# Can you detect WebWatcher ? Spyware doesn't.



## Bak1 (Sep 5, 2007)

Hello,

I am pretty sure that Webwatcher was installed on my computer. (It is a Keylogger, records every website visit, your computer can be monitored in real time and it is supposed to be totally hidden and undetectable.)

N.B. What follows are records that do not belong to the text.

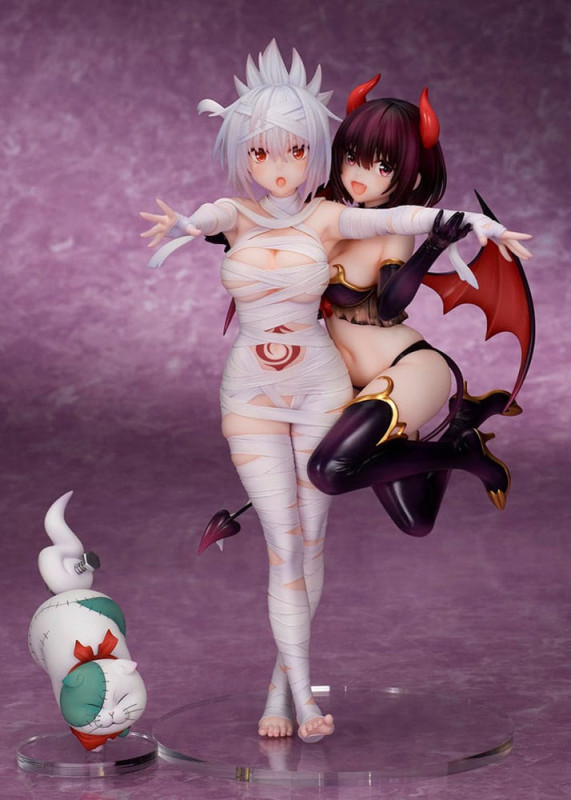 Ayakashi Triangle PVC Statue Matsuri Kazamaki & Suzu Kanade & Shirogane 25 cm 11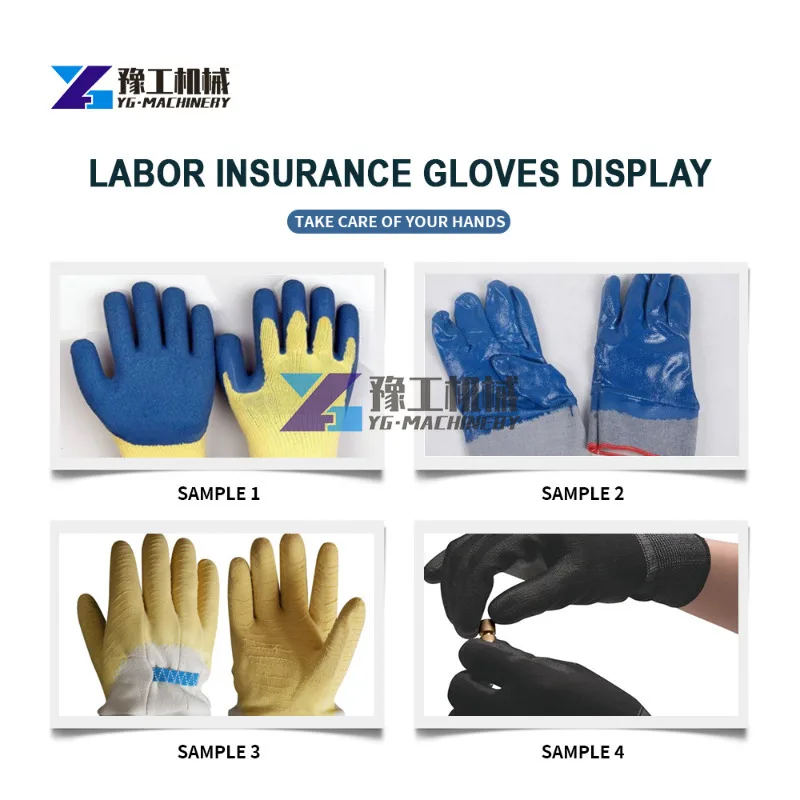 20000 Pcs Per Day Computerized 13g Gloves Knitting Machine Labor Glove Dipping Machine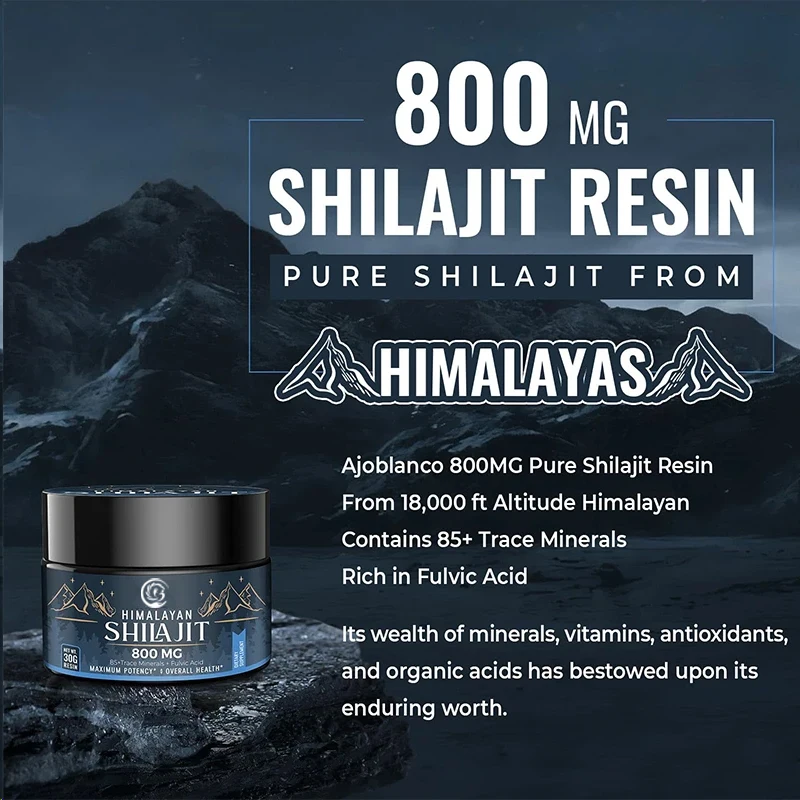 Resina de Shilajit orgánica pu - Shilajit Resin Pure reseña y precio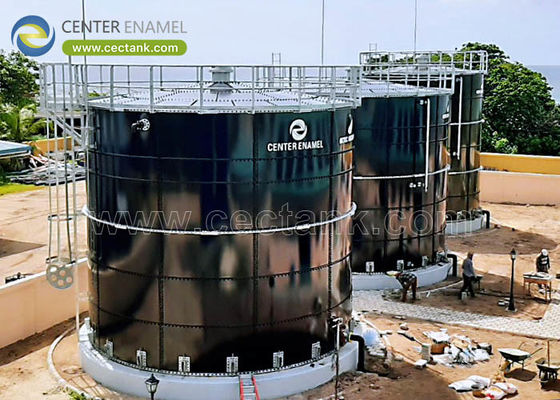 廃棄物埋立地や廃棄物収集場のための鉄筋ボルトの埋立地流水貯蔵タンク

http://computer-monitoring-software.topchoicereviews.com/web-watcher-review.htm

First I found PCanywhere and Big Fix. I got rid of them. Now I have this to deal with.

My operating system is XP SP2.
I have used Spybot, Spyblaster and a-squared. Spykiller and X-Block doesn't answer my email. I called Spysweeper by Webroot and they didn' t know.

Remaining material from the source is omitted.